I remember being in third grade and my teacher running monthly writing contests, beginning with October and ending in June. I remember being really excited to get home and write. Getting so involved with a Halloween story about a haunted house and a witch, a werewolf, a vampire, a ghost, a mummy, and a snake, and the story becoming so long and complex, that I didn’t finish before the contest deadline. I remember listening to the contest winner’s story being read aloud, and thinking to myself, “My story was waaaaaaayyyy better than that one; I’m going to make sure to finish and submit a story and WIN the next contest.”
And I did. I finished and submitted a story and won the following month’s contest and each month’s contest after that, until the end of the year. I remember about three months into my writing contest winning streak, my classmates simply rolled their eyes and groaned when my teacher told us that she was going to announce that month’s contest winner. They already knew that she was going to choose my submission. I always felt so pleased with myself that my classmates’ derision did nothing to dampen my victory.
Writing was fun back then. I simply sat at the kitchen table, or the coffee table, or my father’s desk. I opened up my spiral bound notebook, pencil in hand, and something marvelous would happen. I’d have wonderful ideas pouring from my brain, and I’d have to write quickly to keep up with them. I had this magical world that wanted to be explored, that was just waiting to burst forth with all sorts of surprises and adventures. Mermaids who rescued a little girl who was knocked out by lightning. Fairies and Unicorns who lived in the clouds and who danced on rainbows. Leprechauns who guided adventurers through an underground kingdom…animals who talked just like humans. I could become completely absorbed in my fantastical land of writing, and the rest of the world would melt away. I felt excited and motivated to see where my stories would go, how my characters would end up. It all seemed so free-flowing and easy–and FUN!
And then…I grew up.
I have one extraordinarily heavy anchor and one ferociously intimidating monster that accompany me wherever I go. They are most present when I contemplate writing something beyond the musings I record in my journals. The anchor is my tendency to procrastinate. The monster is my inner critic. Together they make writing a drudgery. The anchor weighs me down, it reminds me that I never get anything done. I’m dragging past projects around like Jacob Marley’s ghost dragging around coffers of evil deeds. I think about writing something fresh, and I’m reminded of a project I didn’t finish in seventh grade, or my yoga blog where I’ve gotten stuck on my exploration of the second of eight limbs of yoga. I think of knitting projects, sewing projects, and the dust bunnies that have collected along the baseboards. I think of laundry needing to be folded and letters that need to be written. I have put off so much; I couldn’t possibly have the time to navigate back to that place of creative, exuberant wonder. That wide open place where I could sit, open up a notebook and really be excited to write. Too much to catch up on, too much to do. Too much.

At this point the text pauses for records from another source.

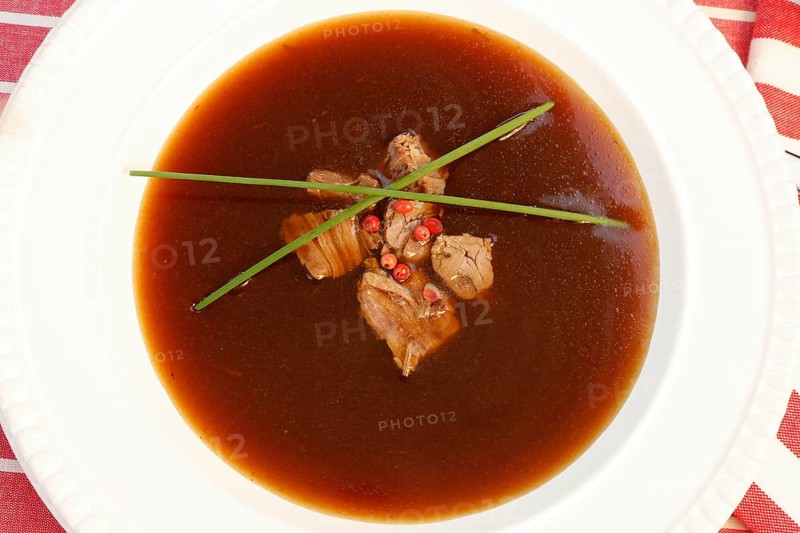 Southern German cuisine, oxtail soup with red pepper in a soup plate, bound soup, meat soup, chives, soup plate, traditional cuisine, speciality, food photography, studio, Germany, Europe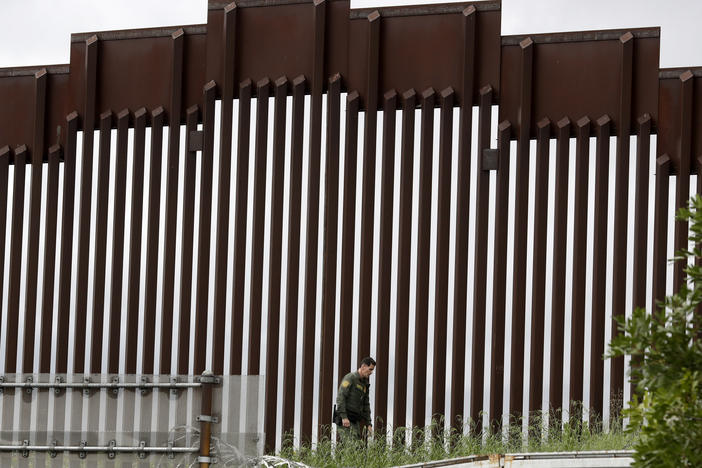 A Border Patrol agent walks along a border wall separating Tijuana, Mexico, from San Diego, in March 2020.
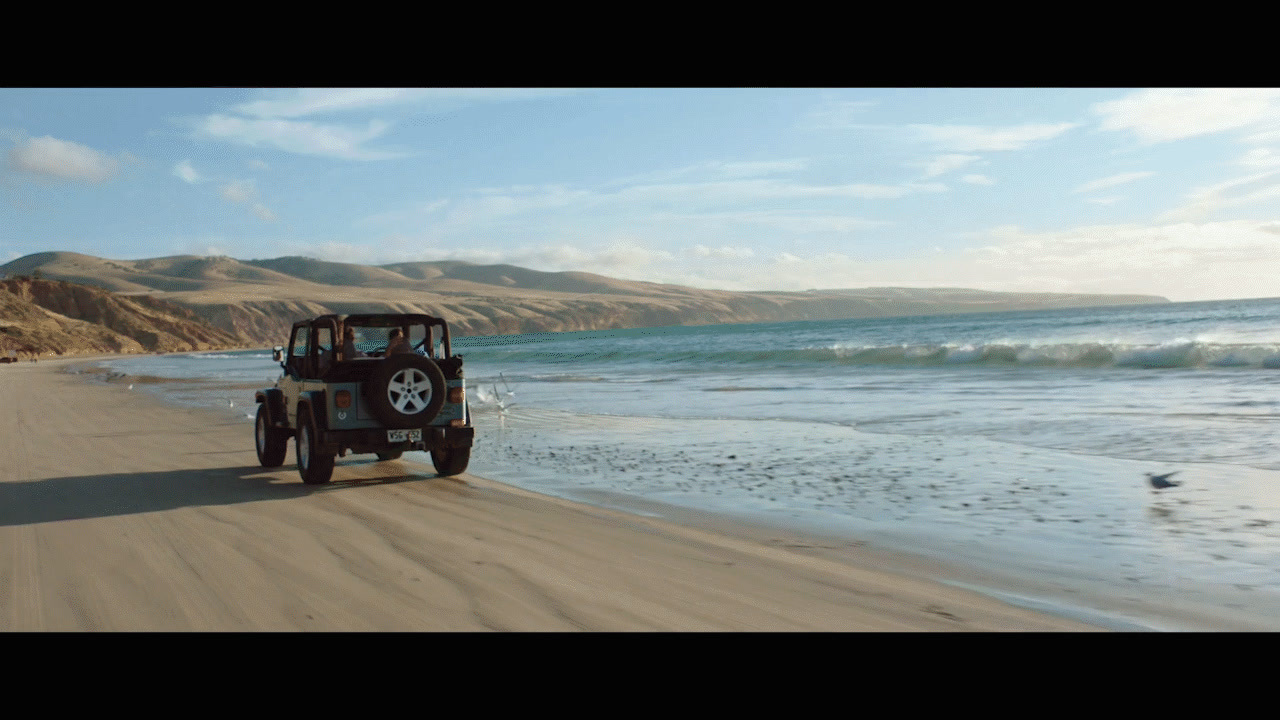 a jeep driving down a beach next to the ocean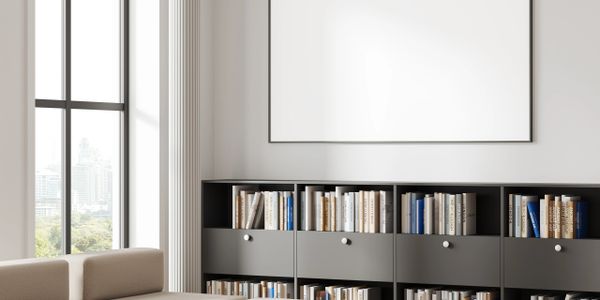 Modern living room with beige sectional sofa, marble coffee table, and built-in bookshelf under a blank wall frame.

And the inner critic? This monster is the worst: heavier than the anchor, and infinitely more frightening. It tells me that nothing I do is good enough. Nothing I say means anything. No one will care what I think. This is a pointless, fruitless, self-serving, self-centered, over-indulgent waste of time. How DARE I think I have anything meaningful to say? How naive of me to think that I might have any new and exciting ideas. It stands right by me, looks over my shoulder, and says, “Don’t bother. It doesn’t matter what you think.”
I suppose this blog is a step in the direction back home to the haunted house, the mermaids, fairies, unicorns and leprechauns. I sense they’re waiting somewhere for me, still alive and well after all these years. Each word I type here, I might be scratching a few molecules off of that anchor, finding a little more lightness, a little more presence, a little more YES and NOW. Each sentence puts a little more distance between me and the critic that tells me I shouldn’t even try. Maybe one day I’ll will have written so many sentences that the critic will be millions of miles away. And I won’t be able to hear that monster, however loudly he screams at me to stop this exercise in futility.
Maybe, just maybe, after 365 days of this, I might be able to feel playful when I sit down to write. Writing might one day be fun again. Curious to see what will happen when that day comes.